開発途上で仕様変更を起こさせない開発仕様の決め方(補足回答)




■質問■


7月1日に掲載した「開発途上で仕様変更を起こさせない開発仕様の決め方」の回答に対して、下記のような再質問を受けましたので、補足説明を致しました。このため補足分を追加掲載致します。



<前略>

早速の御回答ありがとうございました。関係者全体の意識改革が必須なことは理解できましたが、意識改革の後、具体的にどのようなアプローチで、開発途上において仕様変更を起こさせないように、開発仕様を決めてゆくのでしょうか。

<後略>

■回答■

私が以前より提唱しております“FS(フィジビリティースタディ)”の徹底です。

私が提唱するFS(フィジビリティースタディ)では、開発途上で仕様変更を起こさせない開発仕様を、徹底的に追込み作り上げてゆくことを要求しているからです。

私がFS(フィジビリティースタディ)を提唱して、その徹底を唱える目的は、各製造業が、“旬でよく売れて稼げる商品”を的確且つ最短なコストで開発できるようになるためです。

“旬でよく売れて稼げる商品”を、最高品質かつ可能な限り低コストに、さらに最大効率で商品開発を行おうとしたときに、その取組を妨げる最大の要素に“開発設計途上における仕様変更”があります。

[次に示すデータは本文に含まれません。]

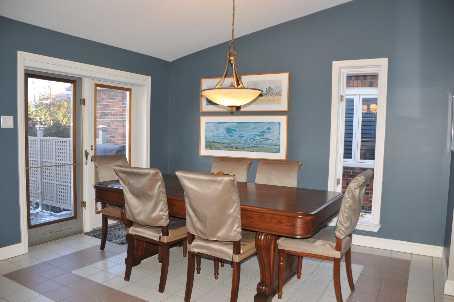 7 Barbara Cres, House detached with 4 bedrooms, 5 bathrooms and 2 parking in Toronto ON | Image 5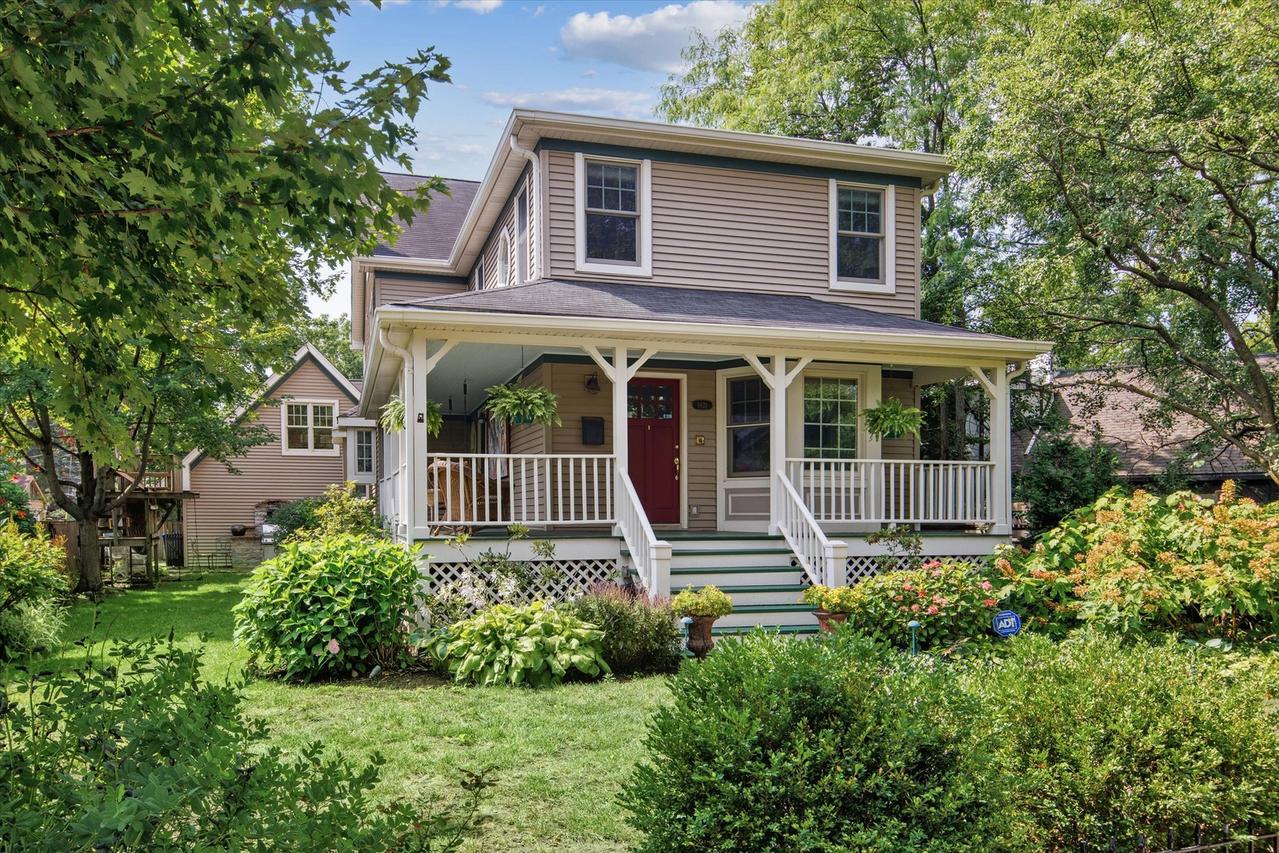 1421 Wilmette Ave., Wilmette, IL 60091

このような仕様変更が、設計途上で頻繁に行われると、設計品質を大幅に低下させることになります。

何故なら開発途上で行われる“仕様変更”は、期日までに仕上げねばならない設計作業を、振り出しまで戻してしまうことが少なくないからです。

しかし多くの製造業では、仕様変更により、本来なら振り出しにまで戻さなければならない設計を、戻すこともせず、中途半端な小手先仕事で辻褄合わせをしている例がほとんどです。そしてその結果として、低品質な魅力の無い製品しか、開発できないような悪循環に陥っております。

FS(フィジビリティースタディ)は、この開発途上での“仕様変更”を防ぐ為の、決定的な切り札です。切り口を変えてみると、FS(フィジビリティースタディ)は、開発する商品のQCD(品質・コスト・納期)が、バランス良く成り立ち、お客様に喜んで頂ける商品となるように、徹底的にその仕様を追い込む取組です。

さらに補足すると、私が各所で展開しているFS(フィジビリティースタディ)への取り組みでは、対象商品に対する構想設計作業の、殆どの重要意志決定部分は、この段階で行われております。ある意味、設計の根幹をこの段階で終わらせ、後は機械的に粗相無く、この段階で決められた設計計画に従い、淡々と設計作業を進めればよい態勢を実現しております。

このため、私の求めるFS(フィジビリティースタディ)では、一般的な製造業で行われているような、設計部署だけ、若しくは営業部署と設計部署だけで、その内容を詰めるようなスタディでは無く、開発に関わる全関係者が、持てる知恵や経験を総動員して、徹底的に開発仕様を揉むことを求めております。

限られた狭い範囲(関係者)でのスタディは、必ず漏れを生じさせ、必ずどこかで破綻を来たし、結果として開発仕様の変更を余儀なくされますので。

そして開発に関わる全関係者が、持てる知恵や経験を総動員して、徹底的に開発仕様を揉み、成果に結びつけるために、関係者全体の意識改革が必須となるわけです。